> Directions for this task
Of the material below, only the lines from the line containing "This is a feature" down to the line containing "Make sure your" belong in the answer, written out exactly.

######

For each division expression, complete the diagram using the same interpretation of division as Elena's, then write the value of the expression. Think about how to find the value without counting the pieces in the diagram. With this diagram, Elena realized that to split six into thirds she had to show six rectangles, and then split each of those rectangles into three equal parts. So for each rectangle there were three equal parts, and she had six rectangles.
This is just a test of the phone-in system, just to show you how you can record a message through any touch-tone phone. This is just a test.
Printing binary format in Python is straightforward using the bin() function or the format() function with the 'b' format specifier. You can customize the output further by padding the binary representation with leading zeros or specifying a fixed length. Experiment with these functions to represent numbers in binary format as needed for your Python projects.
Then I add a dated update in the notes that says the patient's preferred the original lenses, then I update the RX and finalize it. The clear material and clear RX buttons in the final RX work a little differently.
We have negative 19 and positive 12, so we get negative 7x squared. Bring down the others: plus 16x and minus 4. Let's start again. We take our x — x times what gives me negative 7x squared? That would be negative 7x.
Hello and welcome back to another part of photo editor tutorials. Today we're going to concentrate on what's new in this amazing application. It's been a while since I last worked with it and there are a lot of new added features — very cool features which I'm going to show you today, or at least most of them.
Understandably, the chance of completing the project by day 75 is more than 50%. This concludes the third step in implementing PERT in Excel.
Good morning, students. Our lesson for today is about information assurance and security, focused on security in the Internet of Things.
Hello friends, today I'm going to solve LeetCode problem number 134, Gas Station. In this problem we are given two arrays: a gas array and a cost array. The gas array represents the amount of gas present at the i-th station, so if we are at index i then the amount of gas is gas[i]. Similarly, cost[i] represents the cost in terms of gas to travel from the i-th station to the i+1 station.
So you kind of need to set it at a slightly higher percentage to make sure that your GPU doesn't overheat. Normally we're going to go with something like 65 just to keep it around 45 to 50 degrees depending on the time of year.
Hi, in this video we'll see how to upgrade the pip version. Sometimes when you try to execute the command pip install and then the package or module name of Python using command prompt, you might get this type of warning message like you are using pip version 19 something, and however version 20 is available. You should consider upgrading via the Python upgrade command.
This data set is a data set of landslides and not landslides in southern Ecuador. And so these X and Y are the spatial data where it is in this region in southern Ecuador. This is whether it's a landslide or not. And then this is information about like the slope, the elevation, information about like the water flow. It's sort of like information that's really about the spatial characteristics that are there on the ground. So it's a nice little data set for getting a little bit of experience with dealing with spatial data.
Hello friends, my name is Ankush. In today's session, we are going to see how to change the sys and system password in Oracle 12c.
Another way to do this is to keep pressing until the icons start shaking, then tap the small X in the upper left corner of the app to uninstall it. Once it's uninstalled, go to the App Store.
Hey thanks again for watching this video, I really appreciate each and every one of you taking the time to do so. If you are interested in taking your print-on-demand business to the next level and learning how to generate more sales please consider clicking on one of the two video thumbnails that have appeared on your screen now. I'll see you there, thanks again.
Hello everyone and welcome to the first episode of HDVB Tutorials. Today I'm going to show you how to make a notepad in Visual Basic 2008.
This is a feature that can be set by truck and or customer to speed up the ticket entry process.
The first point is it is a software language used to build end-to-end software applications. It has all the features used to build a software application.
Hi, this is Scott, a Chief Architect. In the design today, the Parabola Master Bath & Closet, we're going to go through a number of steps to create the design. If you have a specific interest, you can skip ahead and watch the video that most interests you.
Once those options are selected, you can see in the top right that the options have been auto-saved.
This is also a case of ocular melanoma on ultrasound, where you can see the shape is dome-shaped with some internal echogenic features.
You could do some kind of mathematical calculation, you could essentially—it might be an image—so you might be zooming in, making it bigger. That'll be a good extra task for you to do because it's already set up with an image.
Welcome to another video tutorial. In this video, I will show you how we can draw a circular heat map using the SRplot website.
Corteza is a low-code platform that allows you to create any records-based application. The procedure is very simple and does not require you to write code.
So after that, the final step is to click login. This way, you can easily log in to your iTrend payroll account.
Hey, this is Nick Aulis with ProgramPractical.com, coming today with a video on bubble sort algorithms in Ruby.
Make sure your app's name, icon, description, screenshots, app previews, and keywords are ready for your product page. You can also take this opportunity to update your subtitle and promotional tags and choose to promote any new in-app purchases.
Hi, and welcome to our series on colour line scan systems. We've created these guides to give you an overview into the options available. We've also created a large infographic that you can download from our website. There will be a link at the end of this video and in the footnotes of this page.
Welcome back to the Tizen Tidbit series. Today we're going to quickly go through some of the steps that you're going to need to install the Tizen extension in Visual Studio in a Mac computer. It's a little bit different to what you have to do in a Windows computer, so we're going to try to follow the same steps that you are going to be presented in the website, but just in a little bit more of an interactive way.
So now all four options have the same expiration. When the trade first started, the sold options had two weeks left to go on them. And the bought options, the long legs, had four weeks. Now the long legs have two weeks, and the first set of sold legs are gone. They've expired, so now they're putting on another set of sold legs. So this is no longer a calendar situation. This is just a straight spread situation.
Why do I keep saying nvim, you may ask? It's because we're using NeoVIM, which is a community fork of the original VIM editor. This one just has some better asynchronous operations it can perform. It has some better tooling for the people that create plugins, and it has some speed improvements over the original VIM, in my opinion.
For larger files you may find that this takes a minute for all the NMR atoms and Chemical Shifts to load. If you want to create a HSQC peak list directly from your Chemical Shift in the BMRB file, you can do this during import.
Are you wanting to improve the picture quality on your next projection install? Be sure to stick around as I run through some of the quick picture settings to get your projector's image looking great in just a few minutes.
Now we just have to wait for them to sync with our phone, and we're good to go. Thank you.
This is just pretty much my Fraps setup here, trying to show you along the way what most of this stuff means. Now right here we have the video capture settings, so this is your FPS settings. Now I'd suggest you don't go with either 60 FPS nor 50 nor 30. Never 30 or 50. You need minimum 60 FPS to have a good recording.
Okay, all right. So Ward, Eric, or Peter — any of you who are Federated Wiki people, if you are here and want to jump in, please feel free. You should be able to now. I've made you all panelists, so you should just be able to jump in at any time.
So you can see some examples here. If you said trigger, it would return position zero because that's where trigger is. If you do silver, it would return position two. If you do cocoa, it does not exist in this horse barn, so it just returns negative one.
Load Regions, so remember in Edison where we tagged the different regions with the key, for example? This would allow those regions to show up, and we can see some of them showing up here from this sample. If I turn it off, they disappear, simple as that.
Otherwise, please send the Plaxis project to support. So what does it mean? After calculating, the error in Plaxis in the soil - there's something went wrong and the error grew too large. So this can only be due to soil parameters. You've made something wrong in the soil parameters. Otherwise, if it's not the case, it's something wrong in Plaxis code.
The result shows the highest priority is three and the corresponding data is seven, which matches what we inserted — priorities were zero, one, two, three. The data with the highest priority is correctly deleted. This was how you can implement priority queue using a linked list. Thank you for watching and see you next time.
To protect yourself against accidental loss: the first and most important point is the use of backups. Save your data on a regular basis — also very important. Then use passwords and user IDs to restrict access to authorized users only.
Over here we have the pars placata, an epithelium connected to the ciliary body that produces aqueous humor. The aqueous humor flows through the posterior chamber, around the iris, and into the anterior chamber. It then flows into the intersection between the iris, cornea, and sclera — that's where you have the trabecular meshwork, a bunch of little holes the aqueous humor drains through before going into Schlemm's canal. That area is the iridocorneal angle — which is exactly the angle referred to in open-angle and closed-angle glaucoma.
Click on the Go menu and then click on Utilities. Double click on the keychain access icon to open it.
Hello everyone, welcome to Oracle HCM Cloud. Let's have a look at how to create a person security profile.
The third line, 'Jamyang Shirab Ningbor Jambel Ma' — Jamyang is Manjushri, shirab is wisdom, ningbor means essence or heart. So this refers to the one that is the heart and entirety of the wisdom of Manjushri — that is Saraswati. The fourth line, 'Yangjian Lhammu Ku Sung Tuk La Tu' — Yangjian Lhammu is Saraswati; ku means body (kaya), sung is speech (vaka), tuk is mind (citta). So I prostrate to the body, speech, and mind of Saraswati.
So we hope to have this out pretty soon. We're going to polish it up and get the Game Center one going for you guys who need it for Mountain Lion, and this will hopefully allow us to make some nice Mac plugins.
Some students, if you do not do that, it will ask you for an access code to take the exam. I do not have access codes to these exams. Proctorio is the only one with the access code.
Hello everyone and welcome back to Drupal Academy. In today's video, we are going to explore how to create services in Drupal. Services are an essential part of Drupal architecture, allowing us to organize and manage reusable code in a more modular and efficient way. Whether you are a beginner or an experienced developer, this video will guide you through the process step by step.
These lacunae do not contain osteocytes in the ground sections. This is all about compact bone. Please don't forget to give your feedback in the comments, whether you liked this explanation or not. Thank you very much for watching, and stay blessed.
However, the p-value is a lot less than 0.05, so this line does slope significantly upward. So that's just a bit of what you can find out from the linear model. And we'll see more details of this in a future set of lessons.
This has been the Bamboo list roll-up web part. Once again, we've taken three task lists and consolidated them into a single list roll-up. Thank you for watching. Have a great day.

######

> Worked solution
This is a feature that can be set by truck and or customer to speed up the ticket entry process.
The first point is it is a software language used to build end-to-end software applications. It has all the features used to build a software application.
Hi, this is Scott, a Chief Architect. In the design today, the Parabola Master Bath & Closet, we're going to go through a number of steps to create the design. If you have a specific interest, you can skip ahead and watch the video that most interests you.
Once those options are selected, you can see in the top right that the options have been auto-saved.
This is also a case of ocular melanoma on ultrasound, where you can see the shape is dome-shaped with some internal echogenic features.
You could do some kind of mathematical calculation, you could essentially—it might be an image—so you might be zooming in, making it bigger. That'll be a good extra task for you to do because it's already set up with an image.
Welcome to another video tutorial. In this video, I will show you how we can draw a circular heat map using the SRplot website.
Corteza is a low-code platform that allows you to create any records-based application. The procedure is very simple and does not require you to write code.
So after that, the final step is to click login. This way, you can easily log in to your iTrend payroll account.
Hey, this is Nick Aulis with ProgramPractical.com, coming today with a video on bubble sort algorithms in Ruby.
Make sure your app's name, icon, description, screenshots, app previews, and keywords are ready for your product page. You can also take this opportunity to update your subtitle and promotional tags and choose to promote any new in-app purchases.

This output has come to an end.